Dans « Mère », Wajdi Mouawad inaugure un genre relativement nouveau au théâtre, l’autobiographie. Mais au-delà de son cas personnel, il s’agit en cinq tableaux, d’interroger les ravages de l’exil sur les individus.

Le spectacle commence façon seul-en-scène. Wajdi Mouawad, après les annonces d’usage en amont de la pièce, entreprend de nous présenter la genèse de son travail et les choix de traduction pour l’arabe libanais. Précision cruciale qui permet d’entendre un langage oriental fleuri et comique, du moins au début. Puis le metteur en scène s’efface derrière les comédiens qui l’incarnent lui et ses proches 34 ans auparavant. Le spectateur est témoin d’un huis-clos étouffant, hystérique et exubérant dans ce qui fut, pendant 5 ans, leur meublé parisien.

La reconstitution, standards de variété et de jingle compris, est parfaite. Une pièce unique dotée du strict nécessaire : une table pour s’adonner de façon obsessionnelle à la cuisine, un canapé et un fauteuil simili Louis XV, une reproduction du « vase bleu » de Cézanne, un transistor, une télé, un téléphone. En fond de scène  un panneau pour les projections et les sur-titrages.

Le jeu est époustouflant de justesse, en particulier pour la mère et le tout jeune Mouawad.
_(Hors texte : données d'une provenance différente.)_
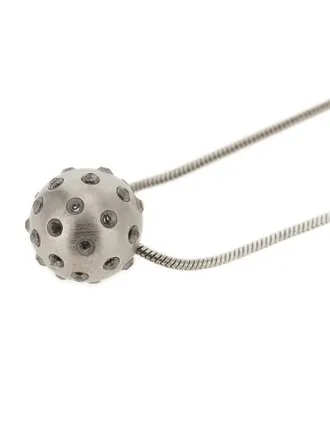 Rick Owens Crystal Orb Pendant Necklace - Silver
Il laisse exploser la douleur du déracinement, la peur de la perte de l’identité et le choc des cultures,  la séparation d’avec le père et mari resté au pays, l’atomisation de la famille réfugiée au quatre coins du monde, la violence de la guerre enfin et qui envahit tout : ce sont  d’abord ces images d’archives projetées à mesure que le 20H se déroule en présence même de la vraie Christine Ockrent, c’est ensuite ce téléphone, seul cordon avec le monde extérieur, dont la sonnerie se meut peu à peu en tir de mitraillette ; ce sont enfin ces histoires « drôles » que l’on se raconte en faisant la cuisine et dont les narrateurs n’entendent même plus la part d’horreur. Dans cet espace, Wajdi Mouawad, dans le rôle de régisseur plateau, erre tel un fantôme de théâtre ou tel l’adulte d’aujourd’hui qui regarde avec recul ceux d’avant. Autant cette présence muette fait sens, autant la scène où il convoque sa mère morte pour un dialogue entre adultes frise le pathos.
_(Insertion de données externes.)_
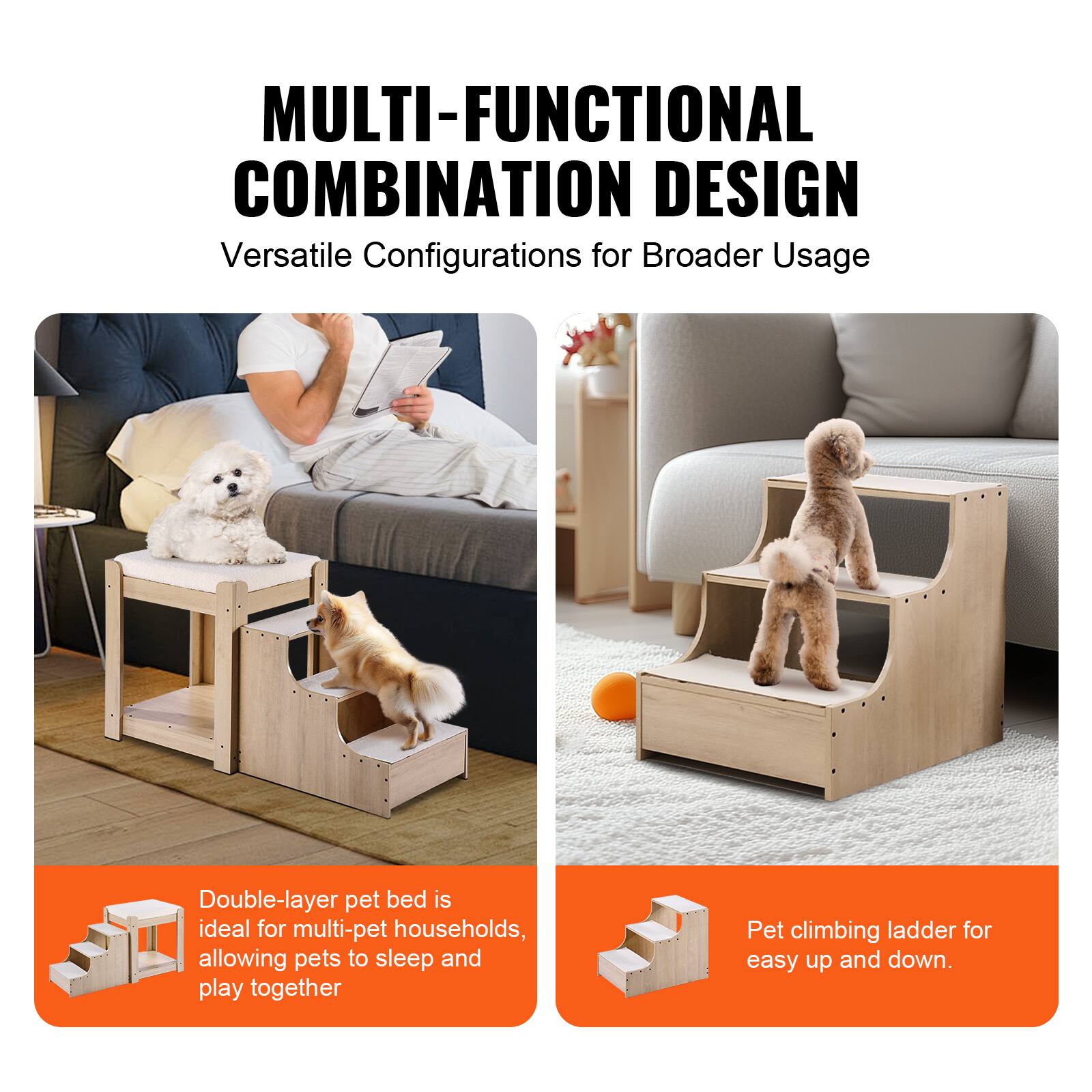 MULTI-FUNCTIONAL COMBINATION DESIGN  
Versatile Configurations for Broader Usage  

Double-layer pet bed is ideal for multi-pet households, allowing pets to sleep and play together  

Pet climbing ladder for easy up and down.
L’articulation entre l’histoire personnelle et la grande histoire est donc parfois bancale. L’histoire est tristement plate dans le sens où, théâtralement parlant, il n’y a pas d’intrigue. Tout repose sur l’hystérisation de la mère, si admirablement réussie que le spectateur ressort les oreilles saturées. Pour eux, c’est moins la reproduction du tableau de Cézanne qui aura servi de fenêtre extérieure que ce jeu admirable, ces clins d’œil au années 80 et la surprise de voir Christine Ockrent jouer le jeu.

 

La salle a longuement ovationné. Les comédiens le méritaient amplement. Sur le fond, c’est l’acte politique de Wajdi Mouwad que je salue : à l’heure des discours obscènes à force d’être décomplexés, il est essentiel de rappeler que l’on ne fuit pas son pays par opportunisme et que l’exil est bien souvent un naufrage.